Теперь о себе. Нынче, 31 августа, мне сообщили, что меня отправляют на работу в Чебоксары. Я просила в министерстве, чтобы меня отправили куда угодно (в пределах Европейской части Союза), кроме Чебоксар, куда меня пригласили, а потом заявили, что не хотят. Не сомневаюсь, что там будет очень тяжело — мне покажут, как лезть туда, куда не просят. Тем более, что я приезжаю без литературной работы (перевода), которого я не получила и не получу. (Перевод — это явный признак, что со мной как-то считаются). Например, мне не дадут комнаты и тому подобное. (Я эти годы жила в студенческих общежитиях — и этой незавидной доли у меня не будет).
Вы помните, что Вы говорили с Котовым о переводах. Он встретил меня хорошо, но заболел. А редактор отдела переводов встретил меня очень враждебно.
Известно, что переводы дают большие заработки и переводчики умеют не допустить к котлу или затравить людей, которые пытаются урвать у них кусок. Явной иллюстрацией была моя встреча с зав. отдела переводов. Он был лаконичен, враждебен, на меня не смотрел, работы не дал и заявил, что вообще не даст. Думаю, что он с удовольствием повернул бы время вспять и расправился бы со мной по старым правилам. Он, очевидно, знал, что и при жизни и после смерти носителю этого имени ничего, кроме беды и ужаса, не причитается. У меня после этой встречи такое омерзение, что я почти забыла о радости встречи с Вами.
Я обещала Вам не быть ноющей и рвущей себе кусок вдовой, но из этого ничего не выйдет. Предел моим силам настал уже давно; я живу за и вне их предела. Всюду в мире сапожники спрашивают друг друга о том, есть ли кров и хлеб у вдовы покойного сапожника. Писатели этим не занимаются. И я не была бы той загнанной клячей, что сейчас. Я много раз думала, что лучше конец, чем вся та канитель, которую я тянула. Я была на свободе — это верно, я даже работала — это верно. Но я была той, кого разрешено (и даже полагается) бить, гнать и т. п. При каждом удобном ветре это и делали.

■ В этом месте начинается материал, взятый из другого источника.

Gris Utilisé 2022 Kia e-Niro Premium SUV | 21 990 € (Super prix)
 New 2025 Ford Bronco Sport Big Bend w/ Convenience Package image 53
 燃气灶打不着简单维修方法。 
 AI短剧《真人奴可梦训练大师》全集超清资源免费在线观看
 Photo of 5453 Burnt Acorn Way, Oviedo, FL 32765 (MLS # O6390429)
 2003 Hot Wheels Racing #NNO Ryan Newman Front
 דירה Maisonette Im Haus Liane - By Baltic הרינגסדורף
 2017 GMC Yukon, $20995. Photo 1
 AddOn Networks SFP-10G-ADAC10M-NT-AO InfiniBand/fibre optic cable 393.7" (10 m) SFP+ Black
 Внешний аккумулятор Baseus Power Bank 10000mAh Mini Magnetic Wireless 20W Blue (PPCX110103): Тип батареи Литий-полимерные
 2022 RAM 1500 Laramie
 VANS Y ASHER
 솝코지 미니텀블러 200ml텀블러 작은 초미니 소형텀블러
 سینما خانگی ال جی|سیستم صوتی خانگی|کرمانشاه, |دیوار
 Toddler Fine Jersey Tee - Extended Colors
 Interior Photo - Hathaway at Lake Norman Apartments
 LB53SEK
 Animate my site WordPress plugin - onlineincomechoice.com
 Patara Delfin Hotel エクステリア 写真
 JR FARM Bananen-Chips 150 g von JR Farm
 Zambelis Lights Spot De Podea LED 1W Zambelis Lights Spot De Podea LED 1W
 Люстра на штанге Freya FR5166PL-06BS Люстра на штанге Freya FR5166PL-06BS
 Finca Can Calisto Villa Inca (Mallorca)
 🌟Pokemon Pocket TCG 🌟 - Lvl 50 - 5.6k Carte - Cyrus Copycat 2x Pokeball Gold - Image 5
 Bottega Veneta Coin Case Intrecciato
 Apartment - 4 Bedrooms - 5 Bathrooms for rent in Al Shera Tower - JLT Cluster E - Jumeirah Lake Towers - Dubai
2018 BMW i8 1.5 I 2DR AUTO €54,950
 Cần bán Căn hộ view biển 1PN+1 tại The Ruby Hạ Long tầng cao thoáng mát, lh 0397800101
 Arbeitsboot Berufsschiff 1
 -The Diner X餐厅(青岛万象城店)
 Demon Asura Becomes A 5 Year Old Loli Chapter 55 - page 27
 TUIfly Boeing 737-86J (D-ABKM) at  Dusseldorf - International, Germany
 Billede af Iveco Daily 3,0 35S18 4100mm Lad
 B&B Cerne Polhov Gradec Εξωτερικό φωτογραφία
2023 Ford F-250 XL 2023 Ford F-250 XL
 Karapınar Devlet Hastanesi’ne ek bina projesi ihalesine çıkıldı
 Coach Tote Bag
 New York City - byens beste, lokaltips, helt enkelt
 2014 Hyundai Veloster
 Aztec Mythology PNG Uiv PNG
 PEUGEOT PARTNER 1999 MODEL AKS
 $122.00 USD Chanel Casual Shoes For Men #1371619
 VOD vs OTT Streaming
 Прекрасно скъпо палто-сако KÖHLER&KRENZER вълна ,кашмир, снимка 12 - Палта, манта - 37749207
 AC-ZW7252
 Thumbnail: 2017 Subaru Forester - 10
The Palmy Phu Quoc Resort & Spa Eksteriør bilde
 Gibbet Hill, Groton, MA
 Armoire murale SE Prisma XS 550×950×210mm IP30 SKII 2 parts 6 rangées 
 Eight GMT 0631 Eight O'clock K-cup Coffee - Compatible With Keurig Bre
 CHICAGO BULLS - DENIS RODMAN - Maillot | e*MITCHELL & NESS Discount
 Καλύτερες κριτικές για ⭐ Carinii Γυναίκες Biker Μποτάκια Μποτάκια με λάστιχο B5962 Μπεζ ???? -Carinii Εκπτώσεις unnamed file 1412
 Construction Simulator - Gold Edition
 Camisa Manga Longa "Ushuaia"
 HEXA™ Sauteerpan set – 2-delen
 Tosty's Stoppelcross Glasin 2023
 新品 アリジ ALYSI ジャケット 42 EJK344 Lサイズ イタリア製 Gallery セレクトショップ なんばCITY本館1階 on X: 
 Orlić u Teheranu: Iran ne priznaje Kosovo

Если я вдова человека, действительно что-то сделавшего в литературе (независимо от того, печатается он сейчас или нет). — мне что-то причитается. Нормально мне причитается пенсия, квартира и работа.
Для меня это кандидатское звание, переводная работа и жизнь в каком-нибудь городе возле Москвы (где живут последние близкие мне люди) с работой в институте. Не в Москве, а именно под Москвой, чтобы не торчать на глазах, когда носишь это имя со всем двусмысленным шумом вокруг него.
О кандидатском звании. Мне не дали защитить диссертацию в 1953 году. (Диссертация: исследование древне-германских языков — т. е. действительно настоящее языкознание). Все авторитетные люди в моей области (акад. Шишмарев, Жирмунский, Ярцева, Стеблин-Каменский, Аракин и др.) подтвердят это. Но у меня уже нет сил на защиту (сердце). (Боролись с диссертацией две специалистки по травлям — канд. Ахманова и Левковская).